_TASK GOAL:_
Every line from the one containing "Mercedes-Benz Vito 87.724" to the end of the data below should be copied exactly, but pictures should not.

_DATA FOR THE TASK:_

%%

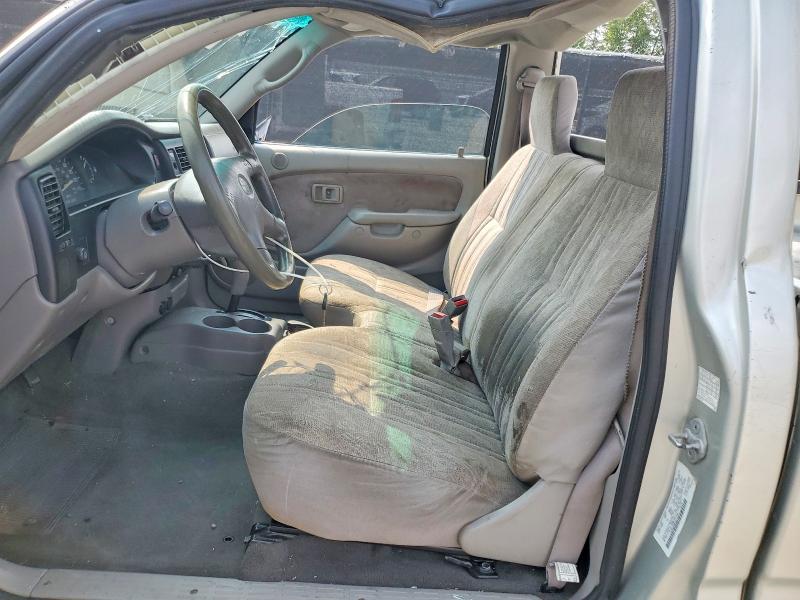 Aukcja sprzedaży 2001 Toyota Tacoma, vin: 5TENL42N61Z743387, numer aukcji: 62577056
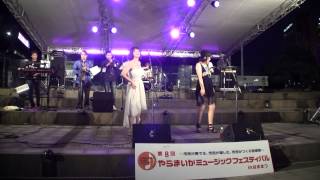 What Is Hip? - Tower of Power （covered by Rico Funk 20141011　やらフェス2014）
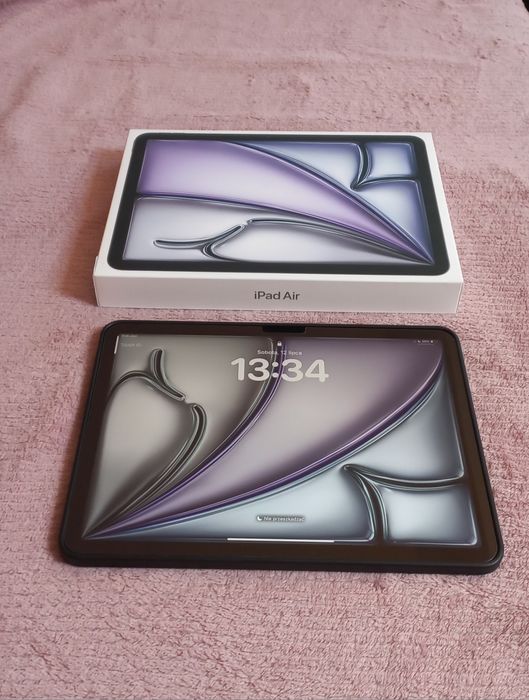 Ipad Air 11 (2024) 256GB WIFI + cellular ( 5G )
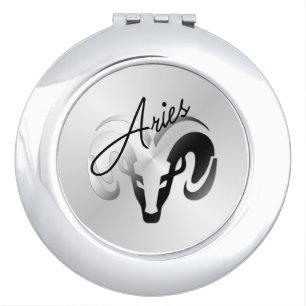 Tap Dancers Music Design Compact Mirror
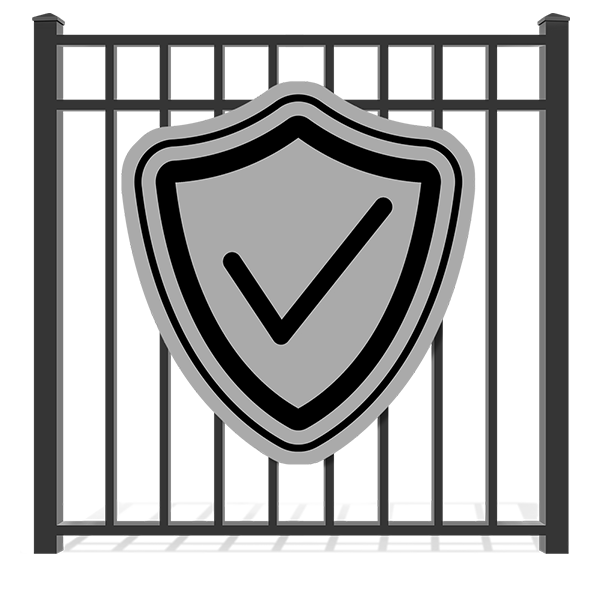 Fence company warranty information in Flat Rock Alabama
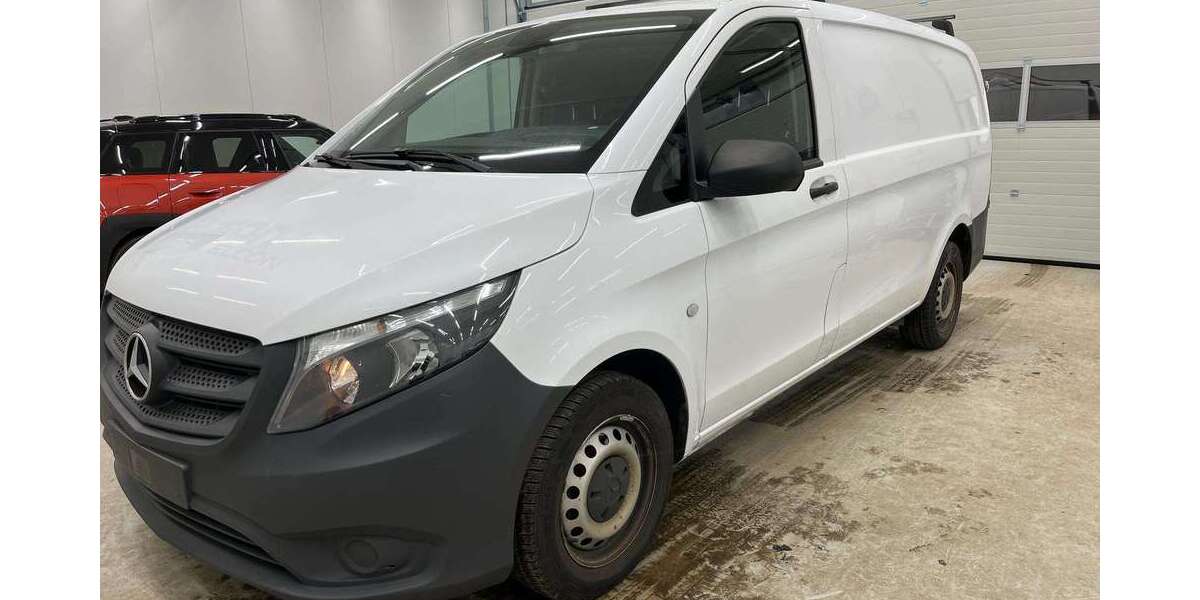 Mercedes-Benz Vito 87.724 km 18.885 &euro; Uetersen bei Hamburg 25436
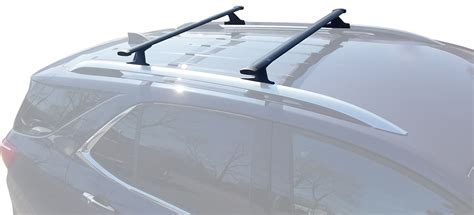 Brightlines Roof Rack Crossbars Replacement For Chevy Equinox Gmc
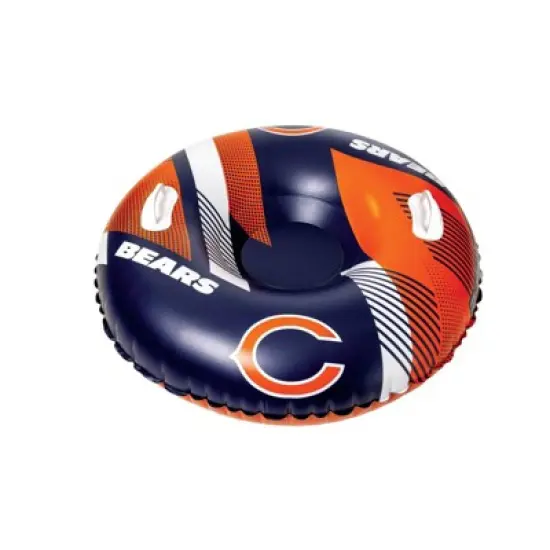NFL Chicago Bears Snow Tube image {4}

%%

_TASK RESULT:_
 Mercedes-Benz Vito 87.724 km 18.885 &euro; Uetersen bei Hamburg 25436
 Brightlines Roof Rack Crossbars Replacement For Chevy Equinox Gmc
NFL Chicago Bears Snow Tube image {4}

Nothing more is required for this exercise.